DATA BLOCK:
--------

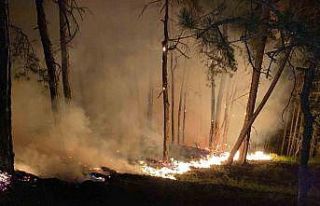 Bolu’daki orman yangını büyüyor: Karadan müdahale...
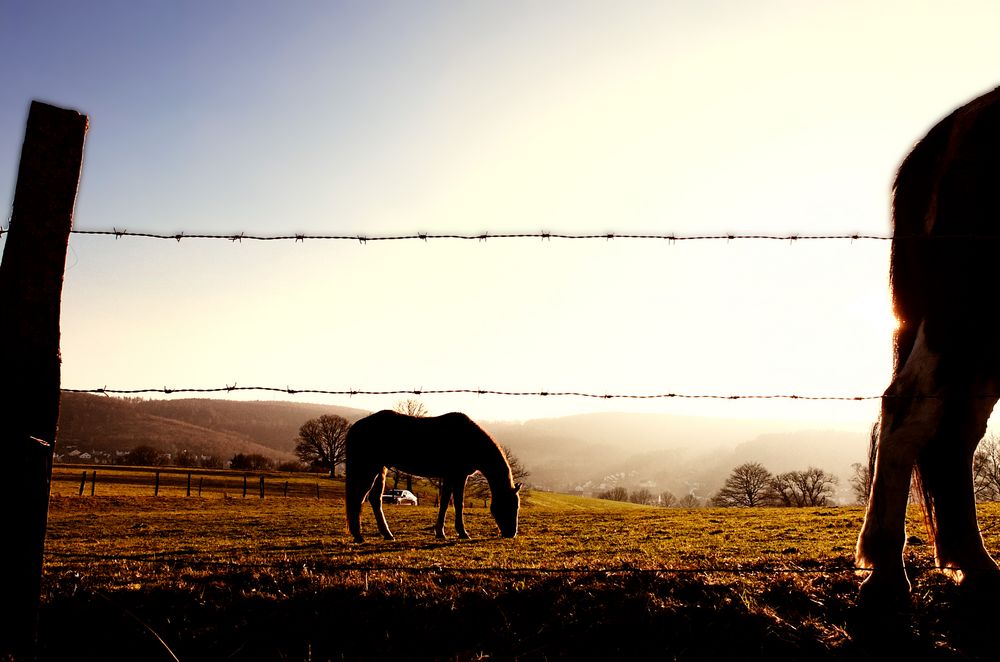 The Shiloh Ranch II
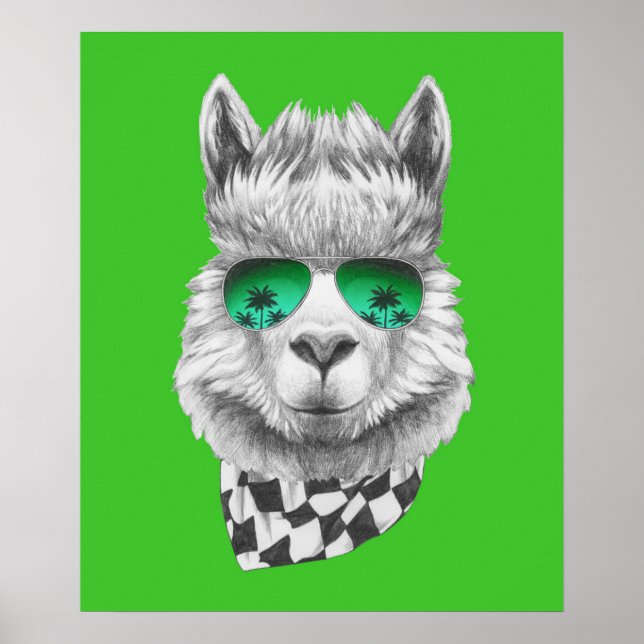 Affiche lama de Californie (Devant)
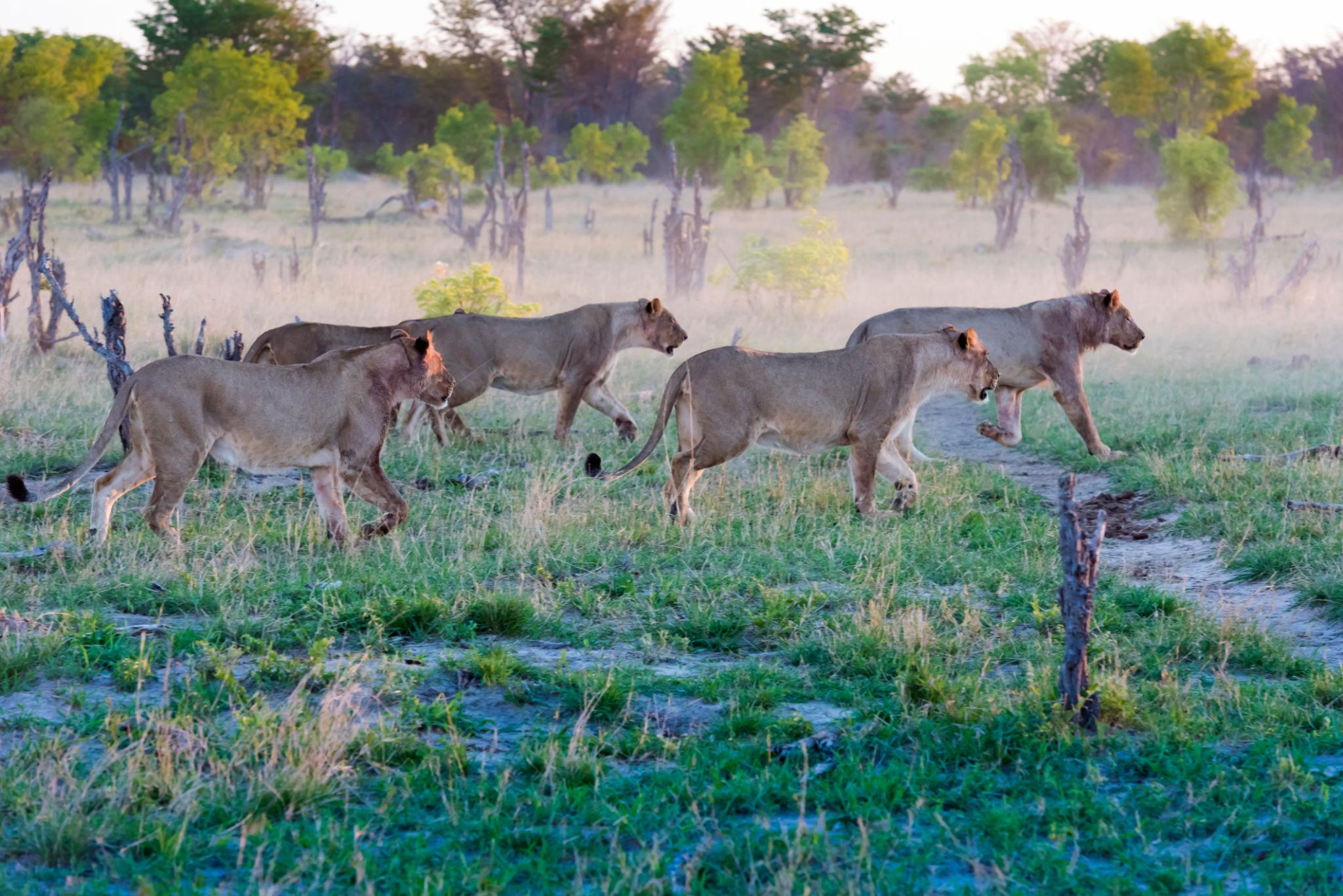 Zimbabwe Safari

--------

WORK INSTRUCTIONS:
The material above should be repeated word for word, with every picture omitted.

THE COMPLETED TASK:
 Bolu’daki orman yangını büyüyor: Karadan müdahale...
 The Shiloh Ranch II
 Affiche lama de Californie (Devant)
 Zimbabwe Safari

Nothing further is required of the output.